Читаем Бездна полностью

— Тамъ, да; beau frère упросилъ ее остаться у нихъ дня два… Онъ ее гораздо болѣе любитъ, чѣмъ родная сестра… C'est un très brave homme этотъ Сусальцевъ, а она…

И Александра Павловна, не договоривъ, съ укорительнымъ какъ бы выраженіемъ закачала головой.

— Я ей отдала визитъ, сказала она чрезъ мигъ, — и, надѣюсь, этимъ между нами кончится. Общаго между нами вѣдь очень мало, не правда-ли, Гриша?.. Вы хоть и были въ нее влюблены, засмѣялась она съ добродушнымъ лукавствомъ, — но вѣдь и вы съ этимъ согласитесь?

Гриша подумалъ, что звукъ его голоса выдастъ не улегшееся еще внутри его смятеніе; онъ вмѣсто отвѣта наклонился къ рукѣ милой женщины и поднесъ ее къ губамъ.

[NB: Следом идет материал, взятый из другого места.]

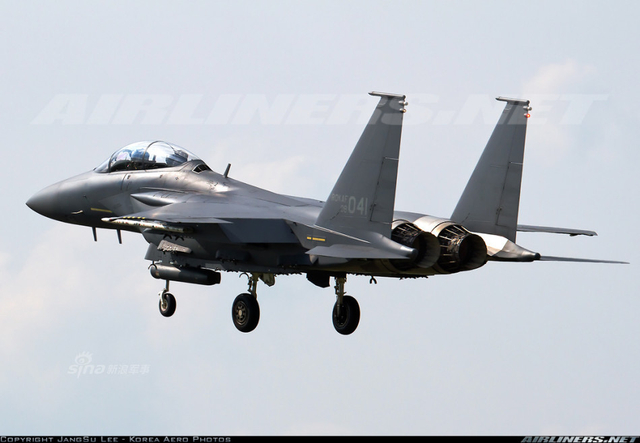 韩国叫嚣的本钱：60架美制F-15K战机虎视眈眈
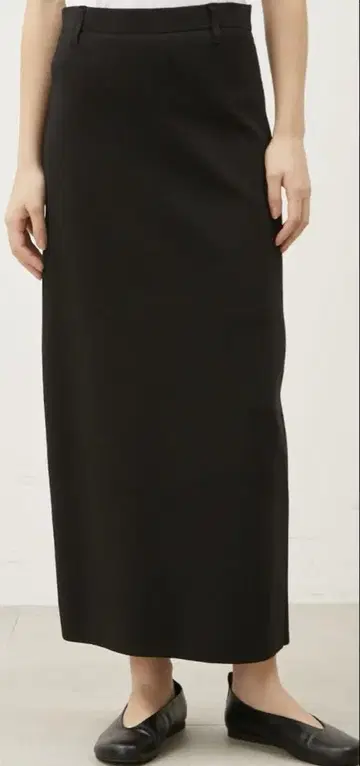 Mila Owen 뒷면 벤츠 스트레이트 니트 스커트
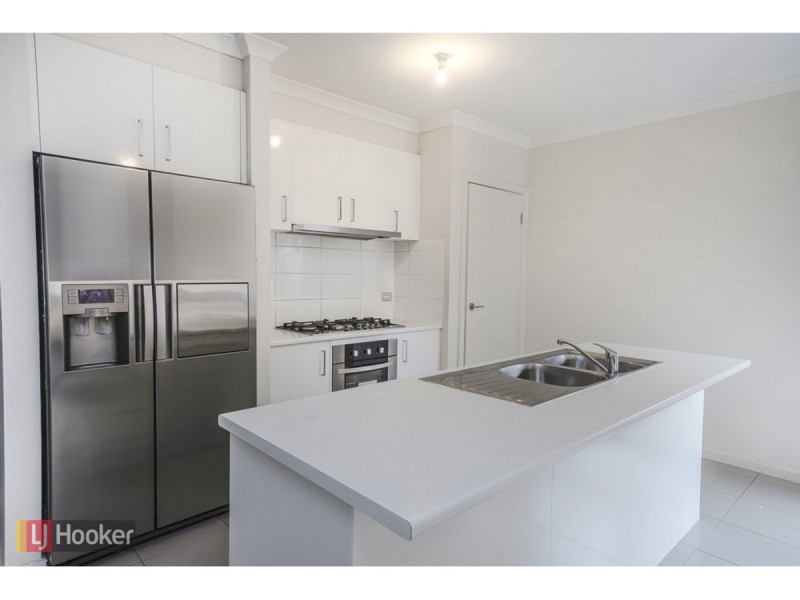 70 Moor Park Drive, Craigieburn VIC 3064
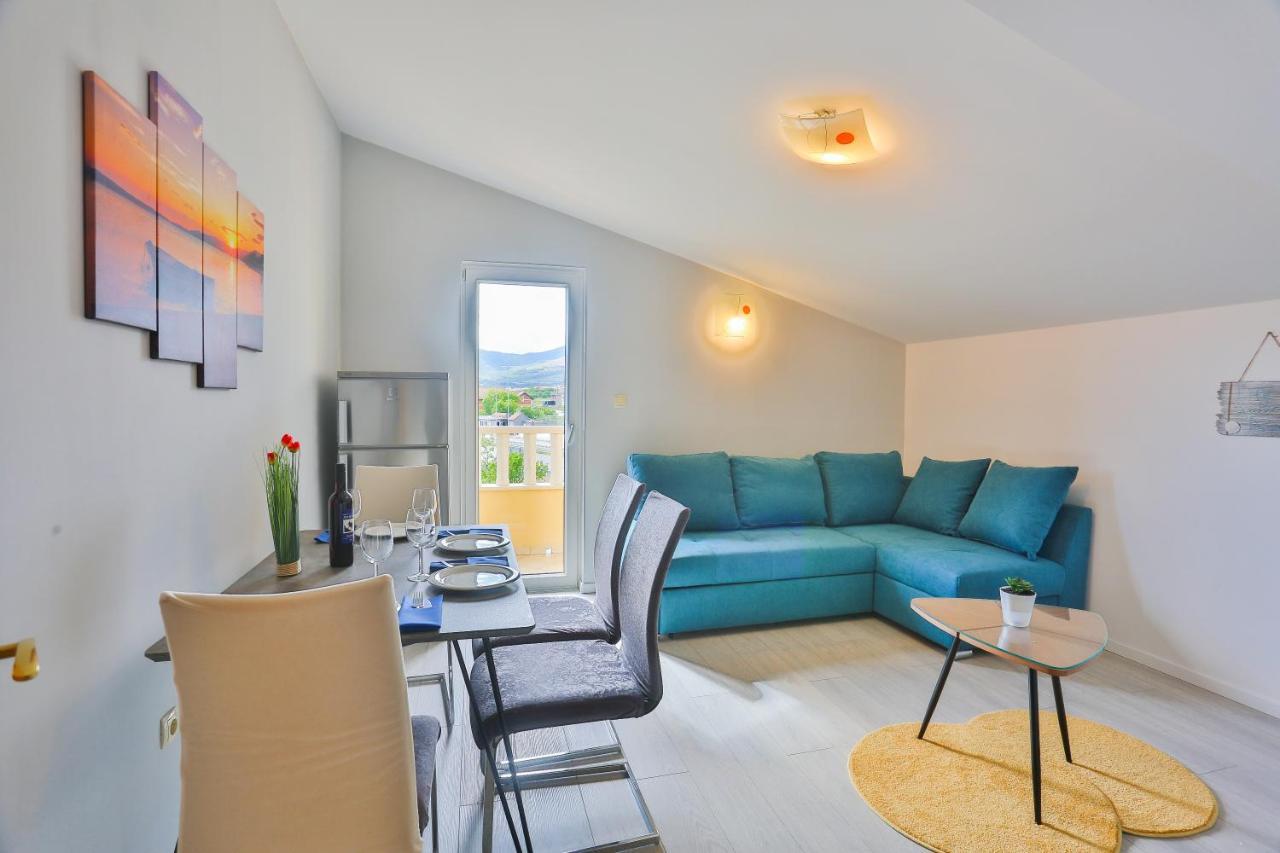 Apartments Maris Каштела Екстер'єр фото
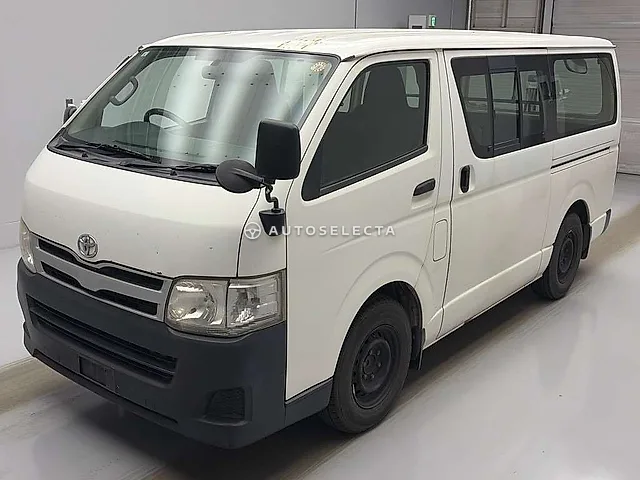 Toyota Hiace Van 2011, auction grade RA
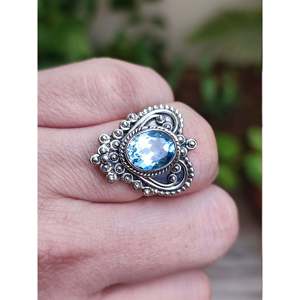 Anillo de Plata de Ley 925 Hecho a Mano con Topacio Azul en Forma de Corazón, Anillo de Promesa con Gema Ovalada Natural, Joyería de Regalo con Piedra de Nacimiento de Diciembre - Product Image 3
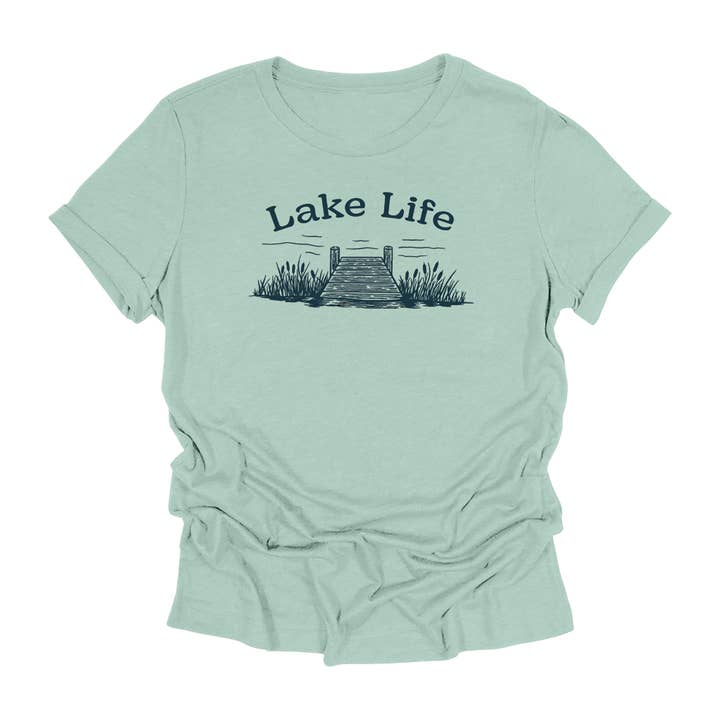 Camiseta Vida de Lago | Camiseta Gráfica Vista al Lago | Impresa en Serigrafía para venta al por mayor de Counter Couture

Александра Павловна ошиблась, впрочемъ, разсчитывая на то, что послѣ ея визита въ Сицкое между блестящею его хозяйкой и обитателями Всесвятскаго ""все будетъ кончено". Ровно черезъ двое сутокъ послѣ этого ея визита знакомый намъ портшезъ и соловые пони остановились у крыльца, на которомъ Маша съ нѣкотораго времени приняла привычку усаживаться съ какою-нибудь ручною работой, рядомъ съ приходившею туда же Анфисой Дмитріевной Ѳирсовой, въ извѣстные часы дня; именно тѣ, когда исправляющій должность предводителя депутатъ дворянства возвращался, покончивъ свои занятія въ городѣ, домой; тутъ обыкновенно съ первой минуты, когда онъ выскакивалъ изъ тарантаса, и почти вплоть до самаго обѣда велись у нея съ нимъ безконечные, живые, веселые разговоры.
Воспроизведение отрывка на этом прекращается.